Rowe noted that air pollution causes lung disease, and that lung disease is the number three killer of Maine people. Maine has the highest rate of asthma among adults in the nation. More than 100,000 Maine people suffer from chronic lung diseases such as asthma, emphysema, and chronic bronchitis.
The lawsuit will allege that the federal Environmental Protection Agency (EPA) is exceeding its authority and violating Congressional intent by enacting rules that weaken the Clean Air Act, which was passed in 1970. When Congress passed the Clean Air Act, its intention was to improve the environment and protect public health by lowering levels of air pollution. The Bush Administration's new rules and regulations would have the opposite effect of allowing air pollution levels to rise.
The oil, gas, electricity and coal industries have vigorously lobbied the Bush Administration to relax New Source Review requirements. This would allow their facilities to be upgraded without adding the required pollution controls on their smokestacks.
The EPA estimates that the changes announced today could exempt half of facilities from being subject to New Source Review. Despite moving forward with new rules, the EPA has yet to quantify how this sharp reduction in pollution controls will affect the environment or public health. However, credible researchers predict that air emissions will increase if the new EPA rules are put in place.
In a February 2002 letter to EPA Administrator Whitman, Rowe and eight other attorneys general called on EPA to fully document any secret contacts the EPA or the Energy Task Force had with outside parties regarding New Source Review revisions.
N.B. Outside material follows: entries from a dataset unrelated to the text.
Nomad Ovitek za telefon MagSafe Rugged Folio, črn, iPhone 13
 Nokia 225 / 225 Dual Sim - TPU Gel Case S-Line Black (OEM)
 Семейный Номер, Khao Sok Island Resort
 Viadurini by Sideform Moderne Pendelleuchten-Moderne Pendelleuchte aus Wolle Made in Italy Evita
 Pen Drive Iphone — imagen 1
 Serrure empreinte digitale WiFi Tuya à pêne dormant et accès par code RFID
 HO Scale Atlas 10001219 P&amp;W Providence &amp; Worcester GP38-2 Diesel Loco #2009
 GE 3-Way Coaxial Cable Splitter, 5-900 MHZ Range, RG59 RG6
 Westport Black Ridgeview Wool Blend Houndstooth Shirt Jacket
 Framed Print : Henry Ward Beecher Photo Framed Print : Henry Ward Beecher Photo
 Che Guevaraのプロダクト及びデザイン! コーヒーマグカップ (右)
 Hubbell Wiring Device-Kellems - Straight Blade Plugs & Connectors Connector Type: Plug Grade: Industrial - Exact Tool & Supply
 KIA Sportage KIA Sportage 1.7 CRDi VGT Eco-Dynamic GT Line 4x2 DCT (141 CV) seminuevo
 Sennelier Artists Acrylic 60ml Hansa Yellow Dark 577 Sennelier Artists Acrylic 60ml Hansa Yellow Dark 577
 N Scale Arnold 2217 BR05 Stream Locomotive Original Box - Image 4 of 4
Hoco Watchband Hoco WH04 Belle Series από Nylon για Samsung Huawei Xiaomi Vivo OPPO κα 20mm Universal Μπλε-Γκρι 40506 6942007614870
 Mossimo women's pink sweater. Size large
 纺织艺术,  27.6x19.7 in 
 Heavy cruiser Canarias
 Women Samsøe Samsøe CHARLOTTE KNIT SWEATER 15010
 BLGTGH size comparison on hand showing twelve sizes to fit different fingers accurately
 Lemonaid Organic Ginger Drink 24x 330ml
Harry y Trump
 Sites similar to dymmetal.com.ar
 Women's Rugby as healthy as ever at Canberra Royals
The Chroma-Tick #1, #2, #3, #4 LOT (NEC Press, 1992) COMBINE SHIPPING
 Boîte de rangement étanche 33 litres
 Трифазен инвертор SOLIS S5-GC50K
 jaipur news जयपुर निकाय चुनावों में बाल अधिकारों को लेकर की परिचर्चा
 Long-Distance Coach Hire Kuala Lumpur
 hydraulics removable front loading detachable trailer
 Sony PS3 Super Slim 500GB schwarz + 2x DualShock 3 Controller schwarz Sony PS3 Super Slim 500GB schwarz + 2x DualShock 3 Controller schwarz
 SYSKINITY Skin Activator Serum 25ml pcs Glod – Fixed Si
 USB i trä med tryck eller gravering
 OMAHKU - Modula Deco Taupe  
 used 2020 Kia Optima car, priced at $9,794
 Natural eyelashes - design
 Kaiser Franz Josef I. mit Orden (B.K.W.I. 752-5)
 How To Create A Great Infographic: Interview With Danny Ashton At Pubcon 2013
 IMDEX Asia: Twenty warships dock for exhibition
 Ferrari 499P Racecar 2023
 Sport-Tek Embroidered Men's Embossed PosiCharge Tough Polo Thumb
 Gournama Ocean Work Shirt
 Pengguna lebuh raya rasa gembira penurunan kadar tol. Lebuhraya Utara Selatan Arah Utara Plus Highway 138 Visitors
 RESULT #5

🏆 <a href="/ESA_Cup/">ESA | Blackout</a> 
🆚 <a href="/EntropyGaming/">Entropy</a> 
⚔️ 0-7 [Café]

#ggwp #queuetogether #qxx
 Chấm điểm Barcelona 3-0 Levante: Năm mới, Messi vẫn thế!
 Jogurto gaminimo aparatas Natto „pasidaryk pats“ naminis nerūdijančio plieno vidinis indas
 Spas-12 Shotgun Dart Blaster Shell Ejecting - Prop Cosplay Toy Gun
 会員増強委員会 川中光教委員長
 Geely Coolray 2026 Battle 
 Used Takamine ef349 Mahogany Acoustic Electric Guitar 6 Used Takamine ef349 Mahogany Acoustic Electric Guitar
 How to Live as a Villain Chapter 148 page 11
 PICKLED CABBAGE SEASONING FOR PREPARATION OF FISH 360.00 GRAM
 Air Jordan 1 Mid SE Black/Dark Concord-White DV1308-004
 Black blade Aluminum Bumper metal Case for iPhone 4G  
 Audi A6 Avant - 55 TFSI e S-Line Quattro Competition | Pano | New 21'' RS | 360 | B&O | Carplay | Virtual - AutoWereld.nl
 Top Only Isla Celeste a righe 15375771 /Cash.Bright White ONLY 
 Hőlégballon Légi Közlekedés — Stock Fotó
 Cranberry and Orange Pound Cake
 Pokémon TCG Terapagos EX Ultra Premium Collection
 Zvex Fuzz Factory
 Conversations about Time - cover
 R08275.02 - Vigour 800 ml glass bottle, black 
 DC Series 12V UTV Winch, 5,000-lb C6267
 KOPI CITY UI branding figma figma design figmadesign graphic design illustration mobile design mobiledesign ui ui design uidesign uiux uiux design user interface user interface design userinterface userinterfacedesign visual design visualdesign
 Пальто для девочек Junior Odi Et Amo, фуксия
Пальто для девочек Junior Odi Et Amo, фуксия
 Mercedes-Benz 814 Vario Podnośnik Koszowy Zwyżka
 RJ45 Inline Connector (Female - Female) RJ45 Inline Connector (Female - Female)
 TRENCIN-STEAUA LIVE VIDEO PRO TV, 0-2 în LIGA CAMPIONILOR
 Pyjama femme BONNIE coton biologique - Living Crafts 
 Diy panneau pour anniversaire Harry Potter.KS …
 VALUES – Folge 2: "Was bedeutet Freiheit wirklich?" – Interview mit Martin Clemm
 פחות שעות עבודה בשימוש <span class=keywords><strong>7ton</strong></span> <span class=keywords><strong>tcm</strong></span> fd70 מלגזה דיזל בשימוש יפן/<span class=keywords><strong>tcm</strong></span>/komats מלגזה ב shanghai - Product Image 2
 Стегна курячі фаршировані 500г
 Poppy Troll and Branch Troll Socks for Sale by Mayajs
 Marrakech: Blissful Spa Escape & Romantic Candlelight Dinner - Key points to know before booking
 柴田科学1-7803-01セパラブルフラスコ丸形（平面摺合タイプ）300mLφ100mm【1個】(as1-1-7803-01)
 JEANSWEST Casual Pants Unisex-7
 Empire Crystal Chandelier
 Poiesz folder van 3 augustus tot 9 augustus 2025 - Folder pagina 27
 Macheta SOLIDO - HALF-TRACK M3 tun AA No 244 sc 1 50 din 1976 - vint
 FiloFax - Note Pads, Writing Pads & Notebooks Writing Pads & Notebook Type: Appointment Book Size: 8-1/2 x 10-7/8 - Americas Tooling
To date, the Bush Administration has refused to turn over records relating to Energy Task Force meetings with industry lobbyists.
The following elements of the new rules are among those likely to be challenged by the state attorneys general lawsuit:
Adoption of a "clean unit" exclusion. The EPA will create a fifteen-year New Source Review exemption for a facility that has installed modern pollution controls in the past ten years. This would give a facility that installed technology that was not even state-of-the-art many years ago a blanket exception for emission increases well into the future.
Revised approach for calculating baseline emissions. EPA would allow facilities to set their "baseline" emission levels at the average of their highest two years of pollution out of the last ten years. Thus, polluters could significantly increase their emissions over current levels without installing pollution controls.
Plant-wide applicability limits. EPA will exempt polluters from New Source Review if they agree to a cap on their air pollution. The cap could be set higher than the facility's current emissions, even though the Clean Air Act intended air pollution to decrease.
The lawsuit will be filed in federal court in the U.S. Court of Appeals for the DC Circuit. The case will be filed when the regulations are published in the Federal Register, which is expected shortly.